When President George W. Bush took office, Rice left the State Department for Brookings. In 2007, she joined the first Obama presidential campaign as Senior Adviser for National Security Affairs. Rice was a staunch, outspoken surrogate for the president, and according to her detractors, maybe too outspoken.
In a 2008 Huffington Post blog, she sharply criticized Obama's primary opponent, then-Sen. Clinton, for voting for the Iraq war, saying it proved Clinton wouldn't be ready for a "3 a.m. call" in a national security emergency.
"Senators Clinton and McCain failed the judgment test when they voted for George Bush's Iraq war -- a war which has made America less safe and is the greatest strategic blunder of our generation -- without even bothering to read the full National Intelligence Estimate."
Rice was accused of being ageist in her later criticism of Sen. John McCain, calling him "confused" over the war in Iraq in a conference call with reporters.

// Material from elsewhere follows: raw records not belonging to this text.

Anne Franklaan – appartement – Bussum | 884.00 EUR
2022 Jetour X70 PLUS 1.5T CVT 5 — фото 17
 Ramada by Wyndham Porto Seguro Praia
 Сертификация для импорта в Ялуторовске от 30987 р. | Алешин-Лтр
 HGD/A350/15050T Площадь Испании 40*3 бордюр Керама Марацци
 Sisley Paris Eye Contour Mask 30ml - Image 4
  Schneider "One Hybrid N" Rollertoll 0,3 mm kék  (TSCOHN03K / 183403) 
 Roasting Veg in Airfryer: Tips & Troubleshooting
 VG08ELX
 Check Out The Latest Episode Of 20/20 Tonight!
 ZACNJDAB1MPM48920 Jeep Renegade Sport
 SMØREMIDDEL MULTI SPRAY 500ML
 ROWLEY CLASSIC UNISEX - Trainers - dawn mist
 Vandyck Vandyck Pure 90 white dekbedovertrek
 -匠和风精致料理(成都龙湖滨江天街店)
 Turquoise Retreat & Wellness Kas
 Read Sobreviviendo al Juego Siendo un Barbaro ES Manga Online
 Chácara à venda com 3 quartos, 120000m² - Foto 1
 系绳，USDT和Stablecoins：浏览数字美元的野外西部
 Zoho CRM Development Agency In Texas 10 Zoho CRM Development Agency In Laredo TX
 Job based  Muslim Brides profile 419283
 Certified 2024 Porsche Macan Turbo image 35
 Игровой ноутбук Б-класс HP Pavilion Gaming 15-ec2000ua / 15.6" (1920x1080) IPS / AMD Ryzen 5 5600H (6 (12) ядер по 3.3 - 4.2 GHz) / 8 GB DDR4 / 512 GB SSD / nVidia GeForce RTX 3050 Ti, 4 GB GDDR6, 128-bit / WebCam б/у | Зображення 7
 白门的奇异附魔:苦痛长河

"A real disturbing, even disconcerting pattern of confusing the basic facts and reality that pertain to Iraq from John McCain over a series of months. He doesn't know how many forces we have there. He thought we were down to pre-surge levels," Rice said.
Her loyalty and blunt-speaking manner has been appreciated and rewarded by allies, such as Albright and President Obama. When he took office he named Rice as the U.S. Permanent Representative to the United Nations.
But those same qualities have also made her a divisive figure in Washington. Some Washington insiders have wondered whether Rice -- Benghazi aside -- is the right person to be America's top diplomat.
"By all accounts, she is talented, capable and extremely abrasive," Washington Post political reporter Dana Milbank told ABC News. "Does she have the temperament to be the nation's top diplomatic? She's very smart, very driven, not necessarily very diplomatic."
William Antholis, the Managing Director of the Brookings Institute, worked closely with Rice at both Brookings and in the Clinton administration. Antholis told ABC News via email that few people in Washington rival Rice's knowledge and understanding of both foreign affairs and political institutions.